Building a minimal GraphQL service in Go
Categories: programming
I figured it’s time to get serious about learning Go. Primarily since there has been a major market shift in the past few years as well as some interesting design ramifications. Plus it will help me understand parts of Kubernetes a bit better when I read the source.
I was hoping to build a GraphQL service. There are many implementations of GraphQL bindings for Go.
- github.com/graphql-go/graphql looks like a rather bare-bones implemenation.
- graph-gophers/graphql-go looks promising since it supports contexts and OpenTracing out of the box, though the resolver system looks a bit strange.
- 99designs/gqlgen has a codegen component which I am not entirely comfortable with at this point of my go adventures.
- graphql-go/relay appears to be really rudimentary.
- machinebox/graphql is a client.
- samsarahq/thunder looks promising. Especially with the parallelism. In the future this might be one I experiment with.
- appointy/jaal: This seems like an implemenation however I could not gather any real differentiating factors. Perahps in the future I will have a better understanding of the competitive advantage of this library.
After a brief 15 minute look at these, I think I’ll be going with graph-gophers/graphql-go for right now.

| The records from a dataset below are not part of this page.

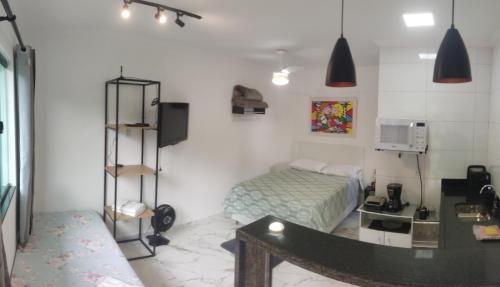 a bedroom with a bed and a desk in it at Casa Nova Centro de Penedo in Penedo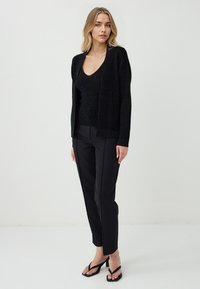 Cardigan nero aperto davanti in maglina texturizzata, indossato sopra un top a scollo a v coordinato. Abbinato a pantaloni neri skinny e sandali con cinturini.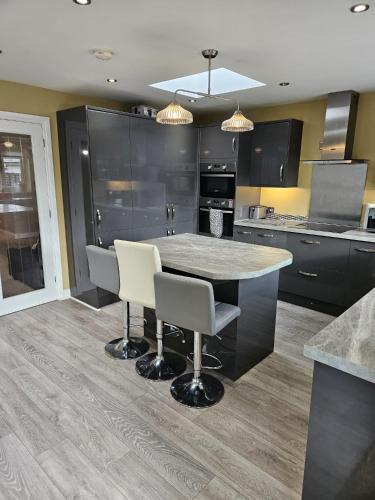 a kitchen with a table and chairs in it at Large Bungalow to sleep up to 8 in Slough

Time to setup a simple project. GoLand has definitely improved since the last time I gave it a whirrl.
I dropped the example into a file title palatable.go
and ran the following wiht go1.14
on teh path:
go mod init git.meschbach.com/mee/palatable
go build
./palatable
Once I resolved the port conflict for tcp/8080
the service started fine. When I navigated to /query
I received a
simple response entity EOF
. When running the following example query it worked as expected:
$ curl -XPOST -d '{"query": "{ hello }"}' localhost:8080/query
stdout>{"data":{"hello":"Hello, world!"}}
Now time to actually get something done with the system. I decided to extend the system to provide some user metadata since most of the systems I build for personal use eventually have this. In this case just simply asking if the user is authenticated via the following schema:
type Query {
hello: String!
user: UserQuery
}
type UserQuery {
isAuthenticated: Boolean
}
Easy enough to implement via the following setup:
type UserQuery struct {
}
func (q *UserQuery) IsAuthenticated() bool {
return true;
}
type query struct{}
func (_ *query) Hello() string { return "Hello, world!" }
func (_ *query) User() *UserQuery {
return &UserQuery{};
}
Or so I thought! When attempting to run the application I recieved the following:
$ ./palatable
stderr>panic: bool is not a pointer
stderr> used by (*main.UserQuery).IsAuthenticated
stderr> used by (*main.query).User
stderr>
stderr>goroutine 1 [running]:
stderr>github.com/graph-gophers/graphql-go.MustParseSchema(...)
stderr> /Users/meschbach/.go/pkg/mod/github.com/graph-gophers/graphql-go@v0.0.0-20200309224638-dae41bde9ef9/graphql.go:57
stderr>main.main()
stderr> /Users/meschbach/wc/mee/palatable/palatable.go:37 +0x18c
Turns out you can’t just take the address of a boolean (return &true
) either. I found an example of how to convert a
boolean to via a Pet Shope example’s helpers
which is a bit odd. Perhaps this was the talking point about scalar support in the previous systems?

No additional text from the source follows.